This weekend I participated in PodCamp Toronto, an unconference about social media with hundreds of participants. We had close to 80 sessions over the weekend, and a good number of them talked about or mentioned the newest social media darling, Pinterest. As a long-time blogger, I think of Pinterest as a photo blog with some advanced functionality, but the rest of the world sees it more like an online scrap book or bulletin board. With Pinterest, users "pin" images they have found around the Internet that inspire them to a "pin board". Individuals can have many different pin boards. People can repin images they see on other pinboards to their own boards.

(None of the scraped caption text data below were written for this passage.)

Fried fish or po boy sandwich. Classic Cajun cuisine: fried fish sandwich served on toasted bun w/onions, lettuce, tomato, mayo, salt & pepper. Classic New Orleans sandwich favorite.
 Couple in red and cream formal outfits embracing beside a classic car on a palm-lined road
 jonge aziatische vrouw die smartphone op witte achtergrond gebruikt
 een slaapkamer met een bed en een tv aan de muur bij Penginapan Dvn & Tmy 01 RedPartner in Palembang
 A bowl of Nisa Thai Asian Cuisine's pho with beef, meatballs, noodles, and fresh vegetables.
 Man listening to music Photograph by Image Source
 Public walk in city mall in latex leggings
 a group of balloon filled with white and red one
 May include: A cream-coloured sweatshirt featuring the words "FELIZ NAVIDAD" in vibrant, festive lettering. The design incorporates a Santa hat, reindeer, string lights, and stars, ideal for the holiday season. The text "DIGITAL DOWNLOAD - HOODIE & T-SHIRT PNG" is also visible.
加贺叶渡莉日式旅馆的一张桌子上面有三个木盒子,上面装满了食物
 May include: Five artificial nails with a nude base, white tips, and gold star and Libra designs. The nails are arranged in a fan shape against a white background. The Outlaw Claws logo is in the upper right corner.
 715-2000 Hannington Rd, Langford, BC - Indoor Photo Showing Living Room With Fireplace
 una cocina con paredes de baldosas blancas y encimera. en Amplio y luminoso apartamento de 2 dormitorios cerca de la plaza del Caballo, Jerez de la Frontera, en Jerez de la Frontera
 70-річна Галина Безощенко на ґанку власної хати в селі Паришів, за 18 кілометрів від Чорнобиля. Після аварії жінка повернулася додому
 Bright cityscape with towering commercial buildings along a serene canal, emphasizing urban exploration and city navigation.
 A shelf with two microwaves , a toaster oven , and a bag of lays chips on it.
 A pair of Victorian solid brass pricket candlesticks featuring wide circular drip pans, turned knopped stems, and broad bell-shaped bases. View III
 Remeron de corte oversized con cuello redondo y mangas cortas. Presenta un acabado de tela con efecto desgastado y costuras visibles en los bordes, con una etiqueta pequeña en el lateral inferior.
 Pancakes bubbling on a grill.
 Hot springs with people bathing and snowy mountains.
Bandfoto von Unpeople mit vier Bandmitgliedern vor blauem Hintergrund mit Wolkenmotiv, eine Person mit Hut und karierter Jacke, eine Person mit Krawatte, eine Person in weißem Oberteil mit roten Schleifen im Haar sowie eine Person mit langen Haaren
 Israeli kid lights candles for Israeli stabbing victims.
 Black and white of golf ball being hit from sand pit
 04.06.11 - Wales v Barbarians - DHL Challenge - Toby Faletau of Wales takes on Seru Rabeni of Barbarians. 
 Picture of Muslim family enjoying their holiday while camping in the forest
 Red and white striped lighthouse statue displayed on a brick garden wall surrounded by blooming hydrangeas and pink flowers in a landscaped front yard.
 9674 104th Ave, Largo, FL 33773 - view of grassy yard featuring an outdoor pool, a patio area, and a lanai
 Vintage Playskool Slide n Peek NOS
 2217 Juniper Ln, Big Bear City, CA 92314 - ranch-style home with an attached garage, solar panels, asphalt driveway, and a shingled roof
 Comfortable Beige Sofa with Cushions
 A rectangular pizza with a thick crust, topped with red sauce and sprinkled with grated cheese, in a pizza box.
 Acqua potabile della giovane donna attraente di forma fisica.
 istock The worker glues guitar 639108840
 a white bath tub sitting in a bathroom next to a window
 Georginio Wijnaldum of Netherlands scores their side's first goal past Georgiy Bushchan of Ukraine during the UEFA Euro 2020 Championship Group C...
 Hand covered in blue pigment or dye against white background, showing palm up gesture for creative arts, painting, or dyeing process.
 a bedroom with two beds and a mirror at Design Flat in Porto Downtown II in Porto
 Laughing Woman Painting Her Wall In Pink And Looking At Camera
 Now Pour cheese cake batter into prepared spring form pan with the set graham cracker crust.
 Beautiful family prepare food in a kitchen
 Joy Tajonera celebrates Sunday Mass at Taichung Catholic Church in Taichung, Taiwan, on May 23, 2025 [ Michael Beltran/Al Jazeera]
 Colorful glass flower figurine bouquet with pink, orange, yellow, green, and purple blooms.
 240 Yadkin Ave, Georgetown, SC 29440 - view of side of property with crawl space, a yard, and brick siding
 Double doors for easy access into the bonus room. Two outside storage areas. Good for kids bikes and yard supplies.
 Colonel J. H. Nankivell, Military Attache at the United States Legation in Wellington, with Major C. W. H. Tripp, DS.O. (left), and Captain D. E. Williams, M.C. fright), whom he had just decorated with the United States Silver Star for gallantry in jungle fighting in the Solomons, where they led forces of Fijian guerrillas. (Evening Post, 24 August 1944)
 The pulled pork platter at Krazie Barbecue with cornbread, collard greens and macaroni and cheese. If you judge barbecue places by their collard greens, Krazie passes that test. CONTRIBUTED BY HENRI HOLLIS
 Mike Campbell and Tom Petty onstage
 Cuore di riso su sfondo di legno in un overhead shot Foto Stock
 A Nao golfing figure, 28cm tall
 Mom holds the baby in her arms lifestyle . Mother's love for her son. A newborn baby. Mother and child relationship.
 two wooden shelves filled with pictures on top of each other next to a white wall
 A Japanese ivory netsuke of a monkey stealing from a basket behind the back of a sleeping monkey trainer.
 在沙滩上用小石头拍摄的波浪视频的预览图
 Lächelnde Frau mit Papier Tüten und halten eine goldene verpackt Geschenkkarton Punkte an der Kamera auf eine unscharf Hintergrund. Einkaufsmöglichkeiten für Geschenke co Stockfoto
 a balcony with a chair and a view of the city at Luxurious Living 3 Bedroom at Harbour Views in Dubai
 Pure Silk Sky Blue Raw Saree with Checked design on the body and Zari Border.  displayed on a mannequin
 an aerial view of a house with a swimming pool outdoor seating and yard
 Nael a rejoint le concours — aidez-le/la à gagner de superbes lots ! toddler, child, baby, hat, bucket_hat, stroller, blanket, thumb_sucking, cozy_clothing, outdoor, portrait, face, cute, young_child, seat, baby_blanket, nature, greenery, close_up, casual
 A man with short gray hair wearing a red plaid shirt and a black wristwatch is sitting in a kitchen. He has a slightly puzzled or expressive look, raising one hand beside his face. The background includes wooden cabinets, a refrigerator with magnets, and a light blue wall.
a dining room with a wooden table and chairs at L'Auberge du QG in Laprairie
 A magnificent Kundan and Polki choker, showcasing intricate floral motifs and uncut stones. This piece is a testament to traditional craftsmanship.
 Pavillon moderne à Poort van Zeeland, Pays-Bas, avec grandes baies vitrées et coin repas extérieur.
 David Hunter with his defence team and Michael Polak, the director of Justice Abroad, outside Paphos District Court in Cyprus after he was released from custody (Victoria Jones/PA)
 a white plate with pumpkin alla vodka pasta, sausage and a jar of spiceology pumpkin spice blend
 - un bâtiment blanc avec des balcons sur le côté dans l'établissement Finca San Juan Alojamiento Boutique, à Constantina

And the platform is taking the social media world by storm, feeding into the whole new content curation frenzy.
Because of its visual nature, pinboards are being used extensively for things like collecting design, home decor and clothing ideas. Libraries are collecting covers of books on different topics. And one of my favourite examples is marketing guru/speaker/author David Meerman Scott's Great Surfing Waves! pin board that he has tucked in amongst his boards of marketing infographics and ebooks.
So what's the problem?
Well,Kirsten Kowalski, a U.S.-based photographer who also happens to be a lawyer decided to dig a little deeper after the question of copyright came up amongst her friends on Facebook. The results are her extensive discussion in the February 24th blog post Why I Tearfully Deleted My Pinterest Inspiration Boards. Here is a brief summary of her discussion:
- The culture amongst Pinterest users is that sharing photos and other images you have created yourself is too much self-promotion. As a result, users take others' images from all over the internet for use on pin boards.
- A link is retained back to the original websites the image came from, so there is an impression people will click through to those sites; however, most people do not click through, but instead just "repin" to their own boards.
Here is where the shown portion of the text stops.